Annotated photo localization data

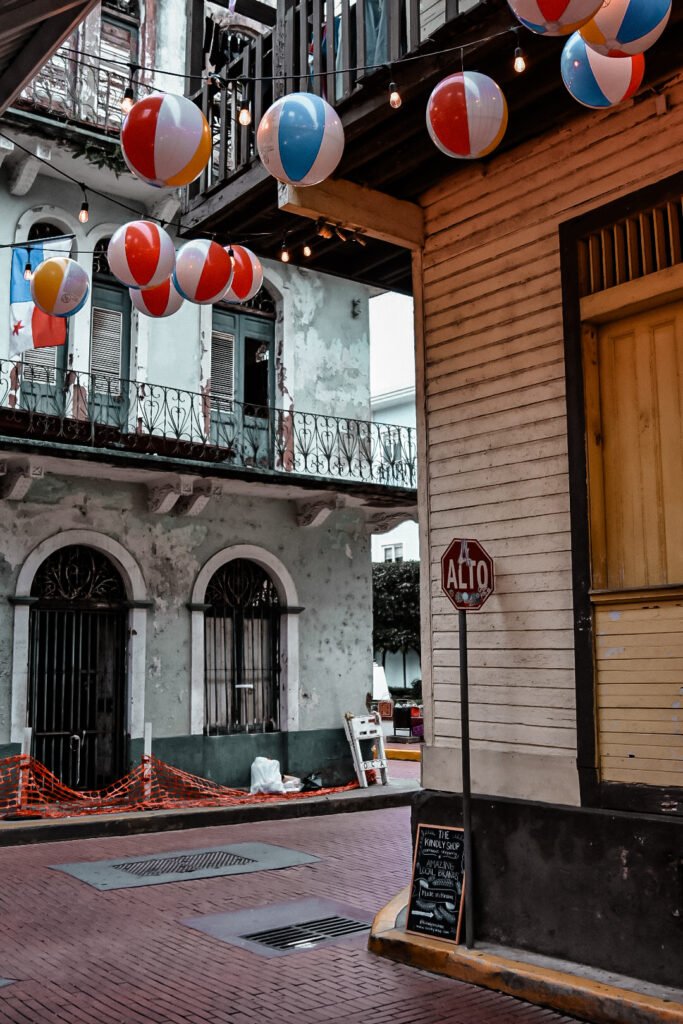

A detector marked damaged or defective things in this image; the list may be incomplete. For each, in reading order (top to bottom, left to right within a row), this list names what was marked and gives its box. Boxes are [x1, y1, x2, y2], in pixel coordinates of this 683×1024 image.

peeling plaster wall [0, 471, 370, 745]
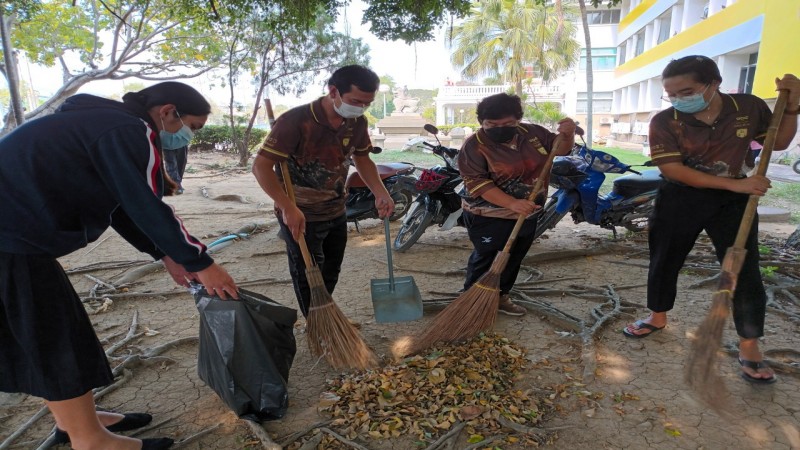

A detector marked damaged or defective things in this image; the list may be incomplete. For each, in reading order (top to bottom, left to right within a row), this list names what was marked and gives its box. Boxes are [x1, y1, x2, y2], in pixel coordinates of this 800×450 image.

cracked concrete surface [0, 152, 796, 450]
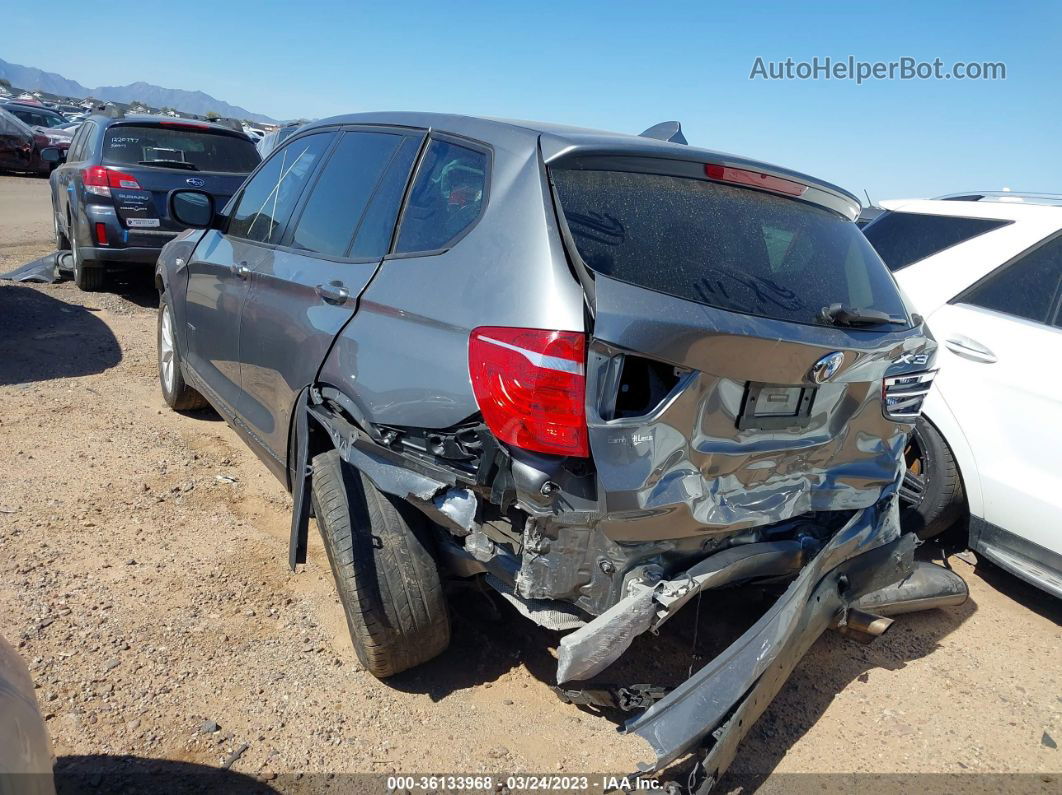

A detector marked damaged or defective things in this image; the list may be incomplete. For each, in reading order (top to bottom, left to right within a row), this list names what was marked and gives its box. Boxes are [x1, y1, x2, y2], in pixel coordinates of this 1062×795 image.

damaged gray bmw x3 [153, 111, 968, 789]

→ **ASSIGNMENT**: Strip out the images, then output the records above word for word.

→ **OUTPUT FOR THIS EXERCISE**:
A detector marked damaged or defective things in this image; the list may be incomplete. For each, in reading order (top to bottom, left to right within a row), this list names what was marked and gives its box. Boxes are [x1, y1, x2, y2], in pixel coordinates of this 683×1024 image.

peeling plaster wall [0, 471, 370, 745]

A detector marked damaged or defective things in this image; the list may be incomplete. For each, in reading order (top to bottom, left to right within a row), this list names what was marked and gives its box. Boxes are [x1, y1, x2, y2], in pixel coordinates of this 800×450 image.

cracked concrete surface [0, 152, 796, 450]

A detector marked damaged or defective things in this image; the list may be incomplete. For each, in reading order (top to bottom, left to right within a row), this list names what was marked and gives its box. Boxes are [x1, y1, x2, y2], in pixel coordinates of this 1062×795 image.

damaged gray bmw x3 [153, 111, 968, 789]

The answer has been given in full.